Canada took some time to tell us about his new band, their first release and where he hopes the Departed goes from here:

It seems that it would have been easy to fill Randy Ragsdale’s slot as Ragweed drummer and go on. Why did you opt to form a new band?

We started Ragweed when we were teenagers. He showed up at my house with his drums in the back of his truck, real adament that we’d start a band together… When we started, all of us made a pact that if it wasn’t the four of us, it wouldn’t be Ragweed. When he called us about a year ago and said he wanted to go home and get off the road because he wanted to be with his kids, I saw it coming. I had seen it in his eyes. He told us he wanted us to continue on [as Ragweed], that he didn’t want to screw anybody’s music career up. We said, ‘No way. We’ll start again.’
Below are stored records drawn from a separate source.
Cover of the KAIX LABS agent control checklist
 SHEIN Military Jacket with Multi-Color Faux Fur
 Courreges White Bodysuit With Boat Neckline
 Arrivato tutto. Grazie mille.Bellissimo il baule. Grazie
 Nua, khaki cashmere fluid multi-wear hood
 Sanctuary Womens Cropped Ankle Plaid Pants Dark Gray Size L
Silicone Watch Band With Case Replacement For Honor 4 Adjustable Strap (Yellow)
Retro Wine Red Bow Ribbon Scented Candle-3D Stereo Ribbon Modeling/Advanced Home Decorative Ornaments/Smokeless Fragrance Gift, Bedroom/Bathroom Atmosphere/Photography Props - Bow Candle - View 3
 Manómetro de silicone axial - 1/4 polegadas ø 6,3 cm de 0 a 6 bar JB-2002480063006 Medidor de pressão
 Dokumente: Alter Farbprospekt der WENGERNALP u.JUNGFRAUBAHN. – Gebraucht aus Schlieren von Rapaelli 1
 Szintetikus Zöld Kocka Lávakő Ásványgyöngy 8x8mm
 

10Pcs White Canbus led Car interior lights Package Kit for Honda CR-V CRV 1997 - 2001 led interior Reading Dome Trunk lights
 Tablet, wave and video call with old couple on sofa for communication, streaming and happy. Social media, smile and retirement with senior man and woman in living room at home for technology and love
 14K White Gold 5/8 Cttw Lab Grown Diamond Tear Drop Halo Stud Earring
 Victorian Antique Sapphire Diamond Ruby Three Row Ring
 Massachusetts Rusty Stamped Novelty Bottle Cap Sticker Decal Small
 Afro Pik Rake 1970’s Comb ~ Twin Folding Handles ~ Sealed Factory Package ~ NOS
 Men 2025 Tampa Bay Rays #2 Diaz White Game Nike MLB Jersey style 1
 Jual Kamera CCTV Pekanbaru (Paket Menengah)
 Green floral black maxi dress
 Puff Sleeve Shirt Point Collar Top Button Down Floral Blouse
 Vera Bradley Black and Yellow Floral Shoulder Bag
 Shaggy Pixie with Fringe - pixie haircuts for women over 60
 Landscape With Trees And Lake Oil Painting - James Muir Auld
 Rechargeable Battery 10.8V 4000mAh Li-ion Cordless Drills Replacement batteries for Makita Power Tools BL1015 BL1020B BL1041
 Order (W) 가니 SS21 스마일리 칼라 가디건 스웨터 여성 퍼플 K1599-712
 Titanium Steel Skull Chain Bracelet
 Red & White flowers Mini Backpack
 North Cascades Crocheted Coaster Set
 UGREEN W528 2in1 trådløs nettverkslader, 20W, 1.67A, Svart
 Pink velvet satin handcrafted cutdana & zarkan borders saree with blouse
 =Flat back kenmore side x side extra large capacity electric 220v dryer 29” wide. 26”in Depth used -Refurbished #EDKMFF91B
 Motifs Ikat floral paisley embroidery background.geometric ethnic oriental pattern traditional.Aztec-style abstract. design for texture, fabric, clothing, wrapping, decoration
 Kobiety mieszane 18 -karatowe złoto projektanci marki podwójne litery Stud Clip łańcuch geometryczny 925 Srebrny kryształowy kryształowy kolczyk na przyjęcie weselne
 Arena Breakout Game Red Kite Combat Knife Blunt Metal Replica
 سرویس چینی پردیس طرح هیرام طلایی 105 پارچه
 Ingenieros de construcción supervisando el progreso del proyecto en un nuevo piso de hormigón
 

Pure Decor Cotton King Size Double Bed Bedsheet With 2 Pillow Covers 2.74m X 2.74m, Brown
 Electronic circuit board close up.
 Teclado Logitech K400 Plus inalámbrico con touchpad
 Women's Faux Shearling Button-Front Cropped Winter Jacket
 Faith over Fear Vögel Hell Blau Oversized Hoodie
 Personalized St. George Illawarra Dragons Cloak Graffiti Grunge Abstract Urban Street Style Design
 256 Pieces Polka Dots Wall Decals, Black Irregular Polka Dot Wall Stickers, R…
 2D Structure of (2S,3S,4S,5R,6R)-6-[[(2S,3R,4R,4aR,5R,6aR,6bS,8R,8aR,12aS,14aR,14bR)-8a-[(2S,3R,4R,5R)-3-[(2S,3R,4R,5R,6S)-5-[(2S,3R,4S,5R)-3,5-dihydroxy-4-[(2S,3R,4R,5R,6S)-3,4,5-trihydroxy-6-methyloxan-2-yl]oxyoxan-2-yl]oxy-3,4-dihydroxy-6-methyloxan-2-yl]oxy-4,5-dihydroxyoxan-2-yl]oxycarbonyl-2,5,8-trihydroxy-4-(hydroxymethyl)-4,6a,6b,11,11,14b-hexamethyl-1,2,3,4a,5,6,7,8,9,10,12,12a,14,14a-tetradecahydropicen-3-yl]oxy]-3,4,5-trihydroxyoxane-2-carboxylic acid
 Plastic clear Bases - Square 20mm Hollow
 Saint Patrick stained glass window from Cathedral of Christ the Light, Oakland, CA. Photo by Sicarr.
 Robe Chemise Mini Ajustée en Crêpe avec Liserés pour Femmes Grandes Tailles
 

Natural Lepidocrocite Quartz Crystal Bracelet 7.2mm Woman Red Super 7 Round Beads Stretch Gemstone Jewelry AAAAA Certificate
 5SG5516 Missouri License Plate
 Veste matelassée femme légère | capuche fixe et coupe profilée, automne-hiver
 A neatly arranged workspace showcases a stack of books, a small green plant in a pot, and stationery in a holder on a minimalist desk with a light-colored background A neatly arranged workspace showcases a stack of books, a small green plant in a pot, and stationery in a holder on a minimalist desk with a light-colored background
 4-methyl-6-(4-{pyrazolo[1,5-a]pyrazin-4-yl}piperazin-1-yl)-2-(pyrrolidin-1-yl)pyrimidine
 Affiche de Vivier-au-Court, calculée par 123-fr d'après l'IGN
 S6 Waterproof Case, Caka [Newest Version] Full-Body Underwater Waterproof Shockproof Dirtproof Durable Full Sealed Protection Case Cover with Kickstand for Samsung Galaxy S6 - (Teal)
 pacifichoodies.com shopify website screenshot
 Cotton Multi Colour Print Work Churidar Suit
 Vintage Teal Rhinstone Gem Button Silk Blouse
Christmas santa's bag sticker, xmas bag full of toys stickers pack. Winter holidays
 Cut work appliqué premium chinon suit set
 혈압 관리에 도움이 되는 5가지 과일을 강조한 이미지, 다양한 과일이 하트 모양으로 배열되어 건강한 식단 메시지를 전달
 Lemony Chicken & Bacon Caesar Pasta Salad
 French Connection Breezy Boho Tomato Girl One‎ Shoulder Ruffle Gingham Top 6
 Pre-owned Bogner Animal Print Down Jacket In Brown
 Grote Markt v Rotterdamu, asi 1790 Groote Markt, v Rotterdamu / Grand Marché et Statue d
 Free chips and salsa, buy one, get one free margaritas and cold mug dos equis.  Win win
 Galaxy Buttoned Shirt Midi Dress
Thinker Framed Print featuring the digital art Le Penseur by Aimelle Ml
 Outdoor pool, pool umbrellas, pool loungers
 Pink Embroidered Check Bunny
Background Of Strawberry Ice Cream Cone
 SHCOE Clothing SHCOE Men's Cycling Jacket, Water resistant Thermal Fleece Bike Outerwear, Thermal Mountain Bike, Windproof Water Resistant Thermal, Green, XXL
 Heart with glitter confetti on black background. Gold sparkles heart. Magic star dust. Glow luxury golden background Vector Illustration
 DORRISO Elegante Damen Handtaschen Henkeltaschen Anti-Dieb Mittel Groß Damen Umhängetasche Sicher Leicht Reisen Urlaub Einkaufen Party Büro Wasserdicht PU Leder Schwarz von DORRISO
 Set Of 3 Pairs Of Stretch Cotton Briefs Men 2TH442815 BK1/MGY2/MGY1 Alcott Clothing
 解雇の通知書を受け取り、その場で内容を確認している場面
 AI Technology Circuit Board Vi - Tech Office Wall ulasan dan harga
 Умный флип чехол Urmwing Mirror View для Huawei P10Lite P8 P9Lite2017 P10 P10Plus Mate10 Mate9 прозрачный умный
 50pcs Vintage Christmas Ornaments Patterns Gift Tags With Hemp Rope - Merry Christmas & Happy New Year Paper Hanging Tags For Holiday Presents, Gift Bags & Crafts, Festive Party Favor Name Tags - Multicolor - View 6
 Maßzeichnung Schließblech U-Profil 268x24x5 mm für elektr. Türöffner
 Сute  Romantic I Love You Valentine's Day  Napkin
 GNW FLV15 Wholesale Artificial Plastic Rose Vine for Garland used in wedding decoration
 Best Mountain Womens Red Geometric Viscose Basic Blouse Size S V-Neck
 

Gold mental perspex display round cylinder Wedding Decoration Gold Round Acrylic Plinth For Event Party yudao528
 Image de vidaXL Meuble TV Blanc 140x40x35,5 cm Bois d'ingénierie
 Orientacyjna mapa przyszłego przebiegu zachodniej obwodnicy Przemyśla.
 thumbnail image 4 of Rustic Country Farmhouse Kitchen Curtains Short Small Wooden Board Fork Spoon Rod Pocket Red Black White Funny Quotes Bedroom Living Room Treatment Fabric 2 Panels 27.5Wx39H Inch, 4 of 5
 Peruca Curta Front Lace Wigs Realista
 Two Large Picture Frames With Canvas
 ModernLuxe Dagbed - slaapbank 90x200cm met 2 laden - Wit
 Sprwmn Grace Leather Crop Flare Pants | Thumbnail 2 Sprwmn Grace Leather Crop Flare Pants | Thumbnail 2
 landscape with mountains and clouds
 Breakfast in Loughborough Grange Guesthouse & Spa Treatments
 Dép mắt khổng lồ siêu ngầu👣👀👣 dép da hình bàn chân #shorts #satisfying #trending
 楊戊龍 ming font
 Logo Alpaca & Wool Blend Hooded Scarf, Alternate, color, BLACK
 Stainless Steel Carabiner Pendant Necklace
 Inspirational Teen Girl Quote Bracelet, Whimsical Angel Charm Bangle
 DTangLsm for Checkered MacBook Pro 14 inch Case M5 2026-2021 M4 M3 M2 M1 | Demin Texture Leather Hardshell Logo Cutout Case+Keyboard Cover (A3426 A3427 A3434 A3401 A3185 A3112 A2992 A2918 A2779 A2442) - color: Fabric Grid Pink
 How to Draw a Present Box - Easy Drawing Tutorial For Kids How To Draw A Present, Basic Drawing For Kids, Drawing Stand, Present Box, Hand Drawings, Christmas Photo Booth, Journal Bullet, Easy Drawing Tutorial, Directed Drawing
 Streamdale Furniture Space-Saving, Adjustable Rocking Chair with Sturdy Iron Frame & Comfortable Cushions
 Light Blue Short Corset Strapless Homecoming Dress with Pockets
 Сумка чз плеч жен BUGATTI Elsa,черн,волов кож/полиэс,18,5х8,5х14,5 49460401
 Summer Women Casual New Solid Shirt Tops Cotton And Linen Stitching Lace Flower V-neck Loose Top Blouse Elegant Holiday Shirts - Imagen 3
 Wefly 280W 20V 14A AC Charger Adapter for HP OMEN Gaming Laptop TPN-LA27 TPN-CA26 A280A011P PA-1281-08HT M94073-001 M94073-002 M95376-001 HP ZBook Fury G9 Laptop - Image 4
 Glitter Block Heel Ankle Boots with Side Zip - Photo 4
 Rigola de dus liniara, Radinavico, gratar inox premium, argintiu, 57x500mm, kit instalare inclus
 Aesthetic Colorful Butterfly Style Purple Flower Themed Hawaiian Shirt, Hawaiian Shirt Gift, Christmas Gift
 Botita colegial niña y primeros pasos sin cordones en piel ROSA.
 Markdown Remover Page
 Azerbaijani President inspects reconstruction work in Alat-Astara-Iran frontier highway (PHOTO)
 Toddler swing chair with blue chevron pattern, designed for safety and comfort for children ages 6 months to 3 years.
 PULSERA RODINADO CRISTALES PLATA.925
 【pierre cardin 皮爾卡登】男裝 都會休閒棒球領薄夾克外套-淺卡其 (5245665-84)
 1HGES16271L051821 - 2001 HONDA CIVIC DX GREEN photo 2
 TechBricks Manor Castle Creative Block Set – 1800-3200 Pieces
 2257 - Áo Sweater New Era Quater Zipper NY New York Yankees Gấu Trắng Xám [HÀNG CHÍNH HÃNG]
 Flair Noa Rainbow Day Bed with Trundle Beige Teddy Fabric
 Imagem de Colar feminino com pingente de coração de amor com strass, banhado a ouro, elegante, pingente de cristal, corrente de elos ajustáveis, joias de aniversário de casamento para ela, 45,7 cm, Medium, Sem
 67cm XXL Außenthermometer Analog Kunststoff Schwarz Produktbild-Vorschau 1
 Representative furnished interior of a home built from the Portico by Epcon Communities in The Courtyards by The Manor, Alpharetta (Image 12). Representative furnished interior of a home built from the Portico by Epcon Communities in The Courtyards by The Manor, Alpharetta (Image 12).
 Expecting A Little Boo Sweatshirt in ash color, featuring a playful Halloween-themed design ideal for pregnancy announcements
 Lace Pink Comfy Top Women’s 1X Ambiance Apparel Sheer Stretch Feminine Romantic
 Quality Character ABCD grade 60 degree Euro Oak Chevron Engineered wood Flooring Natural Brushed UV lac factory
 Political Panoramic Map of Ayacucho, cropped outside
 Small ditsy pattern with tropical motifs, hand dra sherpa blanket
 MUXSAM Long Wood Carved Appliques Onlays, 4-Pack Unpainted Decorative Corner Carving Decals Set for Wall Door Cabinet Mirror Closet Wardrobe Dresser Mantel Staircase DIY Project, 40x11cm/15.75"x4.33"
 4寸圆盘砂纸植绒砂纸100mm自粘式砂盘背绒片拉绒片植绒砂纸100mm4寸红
It sounds like this came at a good time for the band, in a way, because you were parting company with your record label Universal South.

We were still playing, having awesome shows all over the country. Whether or not we had songs on the radio, we still had good record sales. Basically, they made us all kinds of promises that never happened. We tried to get out of the contract but it would have cost a lot. We said, ‘OK, we’ll stay. We are men of our words.’ We actually sat down with them and [the new team members] were like stranger to us, like stepparents you don’t get along with. I’ll admit it, on the last record there was sadness and you could tell that certain things were getting to us… But it set the stage for Jeremy and I to start all over again.

I know you consider yourself rockers in the same type of arena as perhaps Kid Rock or Lynyrd Skynyrd. What kind of influences did you have as a kid that led you to that sound?

I had an awesome upbringing musically. My mom listened to Bob Wills and Big Band stuff. She had her guilty pleasures that I never caught onto. I was a Lionel Richie fan when he was a Commodore. My dad was strictly George Strait, Merle Haggard. On the other side my sister, who is 11 years older than me, was jamming to Aerosmith, the Who, lots of Marshall Tucker, Skynyrd, Judas Priest, Super Tramp. So it was all a perfect combination for me. When I was older and started making my own musical decisions it was Steve Earle and Dwight Yoakam. They were the ones who really peaked my interest. There music was raw. You could tell at a young age, I could, that they wrote their own songs. You can just tell if someone is covering a song or if they really lived it. That’s what I wanted to do.

What’s your secret to songwriting?

For me, it has always been and it always will be emotion. I watched Randy Ragsdale when his dad passed away right before our first record came out. I wrote a song for his dad. That’s when it started to get real personal. [His dad] loved us and supported us and took all of us on like we were all his kids. Then I met my wife and I’ve written a number of songs for her.

Then there’s anger. That is a really good fuel for a rock and roll song. I’ve written dozens of angry songs. I’m not a confrontational person. I’d rather walk away from somebody and go write about it then sit there and argue for three hours.